Mountain A Field Guide to Astonishment is an essay collection that explores the inner and outer natures of remarkable human and nonhuman beings. It is a book about paying attention—with the mind and with the heart. The essays confront the ethical and personal challenges Renata Golden faced in a harsh and isolated environment and examine the power of nature to influence her understanding of the human spirit. The lessons she learned on the borders of Arizona, New Mexico, and Mexico jolted her out of her customary way of seeing the world—which is the transformative power of a thin place, where the borders between the sublime and the profane melt away. The essays call attention to the animals that are often shunned—pack rats, rattlesnakes, ants, prairie dogs, and other desert dwellers that some consider better dead than alive. Manyof the animals in these essays are at risk of extinction.

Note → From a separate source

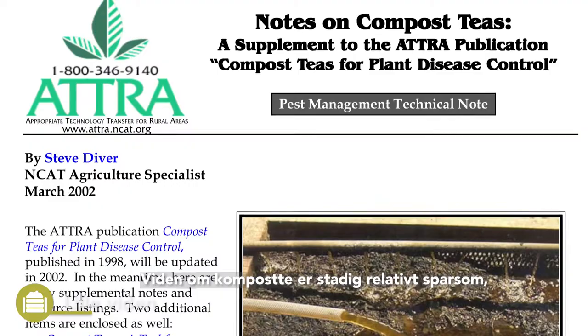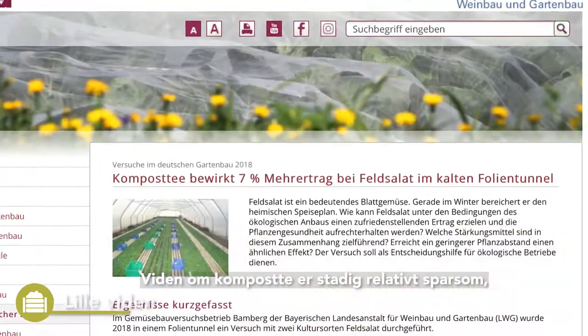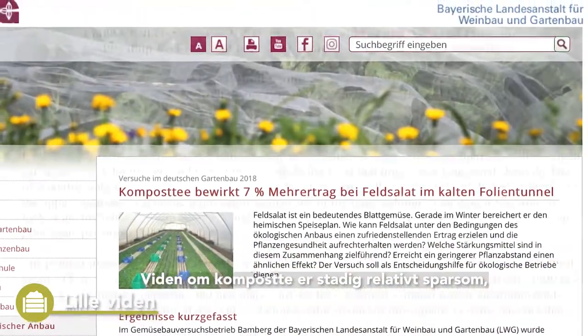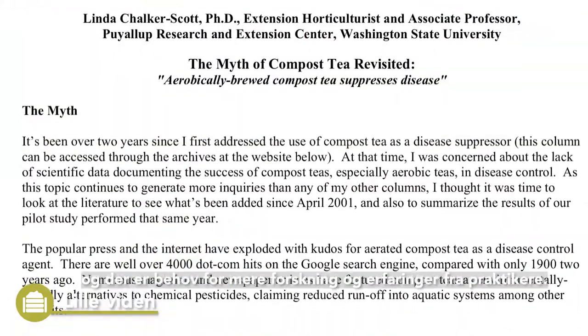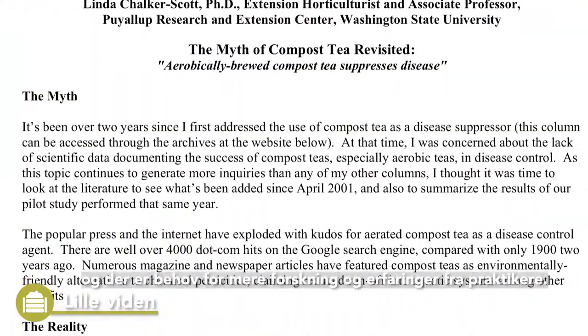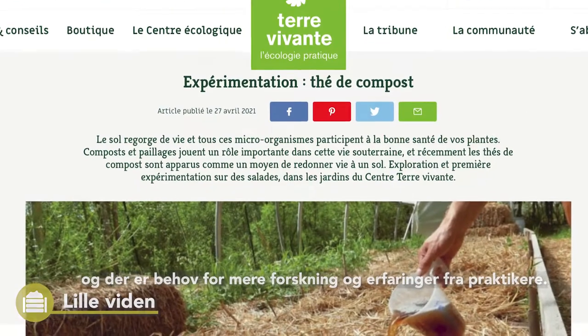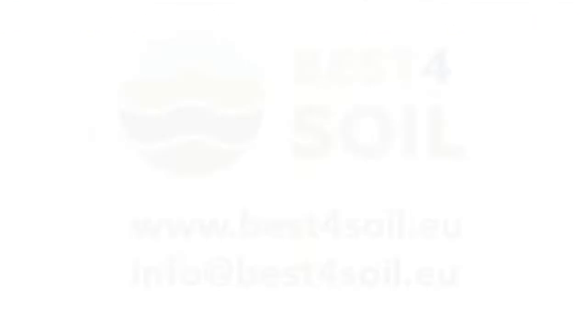Knowledge on compost tea is still relatively sparse. There is need for more research and experience from practitioners.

The essays honor these animals for the role they play in the wild world and for their unique abilities, such as cooperative societies and complex language skills. By recognizing the animals’ value, Golden gives readers reasons to be moved to save them, if it’s not too late.
This sentence, “Mountains speak when they’re listened to,” early on in Renata Golden’s new book of essays, “Mountain Time: A Field Guide to Astonishment” grabbed me, held on tight and has led me into more awareness of vital experiences and reflections. The essays in this collection span the vast rich continent of Golden’s life and include her studies of the cultural history of her beloved Chiricahua Mountains and personal encounters with the beauty of nature and, always, honoring the mortality of all life. She is sensitive to premonitions of the future while witnessing and appreciating—with astonishment! Such a sweet emotion to feel--her landscapes and their inhabitants and expresses the vulnerability that is increasingly common to thoughtful members of our species. And yet also eloquently articulating a resilient reasoning inner being that despite everything will allow a person to endure and help others to do so. Golden places memories and references into her writing that have made me repeatedly put the book down to explore my own places and feelings. One story describes her effort to give supplies of life saving food and water to the migrants passing through her countryside and imagining the torturous desert journey they have undertaken. It brought home for me yet another heart breaking understanding and indignation of the circumstances faced by people attempting such impossible travels and of those attempting to help. Another recalls events in “The Little Prince” that remind the reader that what is essential is invisible but, like the prince, one must be ready when things change: Yes, we could all disappear, so much life is disappearing, the ephemeral is fragile, when do we choose to do what is important here and now for our generous sturdy world. Golden is not providing recipes on surviving these times, an apparently large and certainly necessary genre of writing these days but she is revealing for the reader to take to heart her lyrical perceptions of being attentive to the past and potential futures as well as her kin—including mountains— in her days and nights.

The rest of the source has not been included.